▶ **What is needed**:
Your reply should repeat all records verbatim and contain no images.

▶ **The input**:

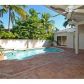 264 EGRET WY, Fort Lauderdale, FL 33327 ID:1098879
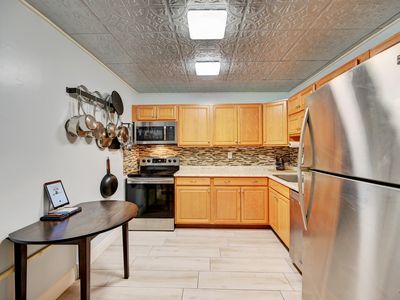 8260 SW 24th Street #6311, North Lauderdale, FL, 33068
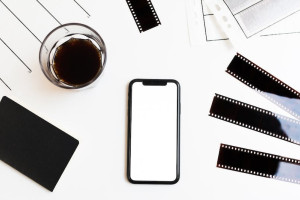 Как да поставим протектор за смартфон?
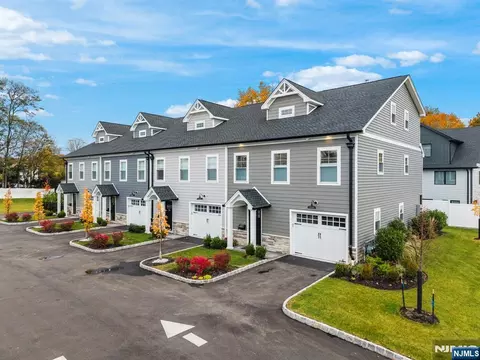 37 Ramsey Homes For Sale & Ramsey, NJ Real Estate - Movoto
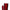 AMBER OUD EXCLUSIF SPORT EXTRAIT DE PARFUM 60ML UNISEX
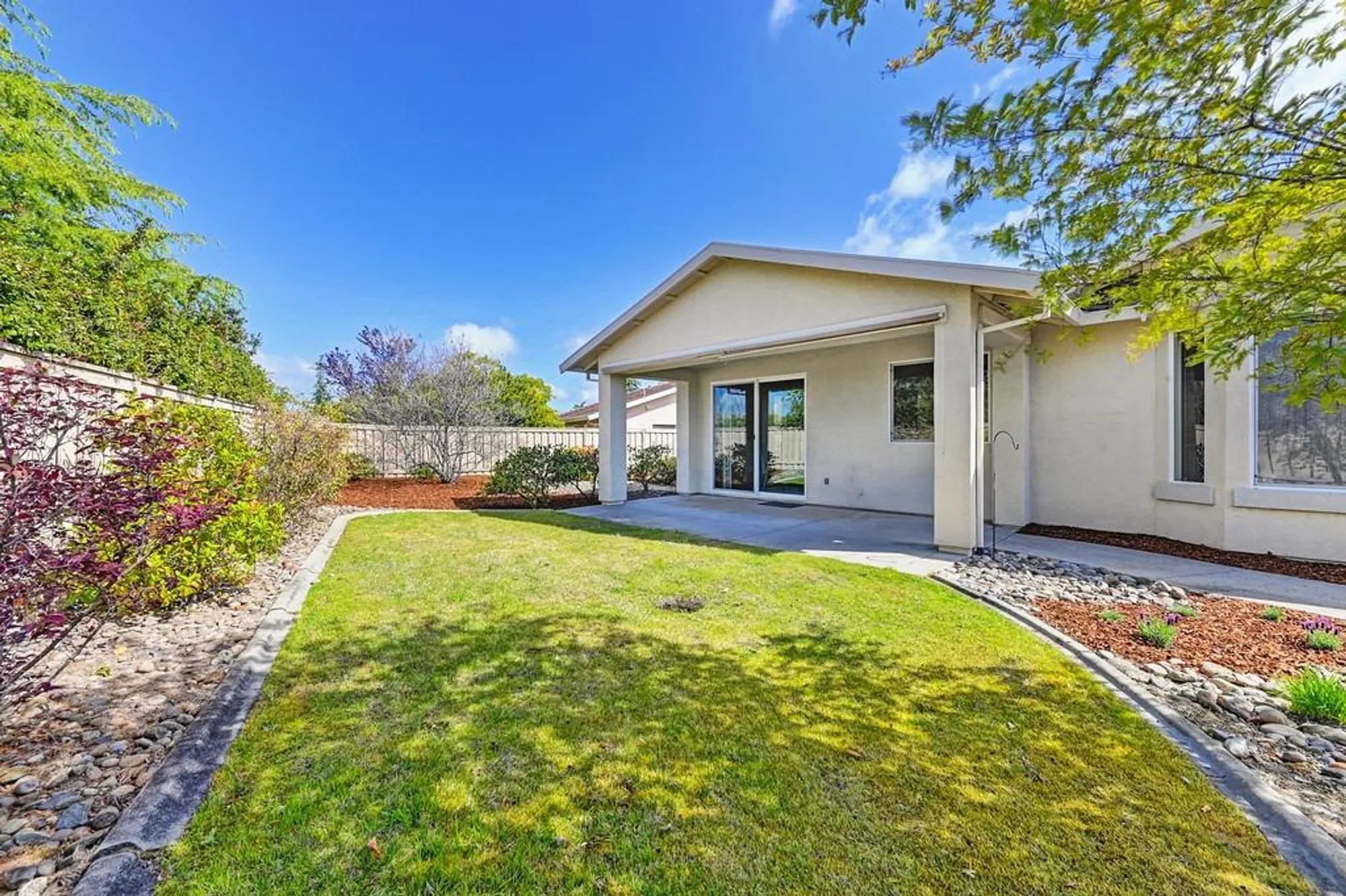 Property Slideshow image 31 of 38 | 210 harper ct, Lincoln, CA, 95648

▶ **Problem solution**:
 264 EGRET WY, Fort Lauderdale, FL 33327 ID:1098879
 8260 SW 24th Street #6311, North Lauderdale, FL, 33068
 Как да поставим протектор за смартфон?
 37 Ramsey Homes For Sale & Ramsey, NJ Real Estate - Movoto
 AMBER OUD EXCLUSIF SPORT EXTRAIT DE PARFUM 60ML UNISEX
 Property Slideshow image 31 of 38 | 210 harper ct, Lincoln, CA, 95648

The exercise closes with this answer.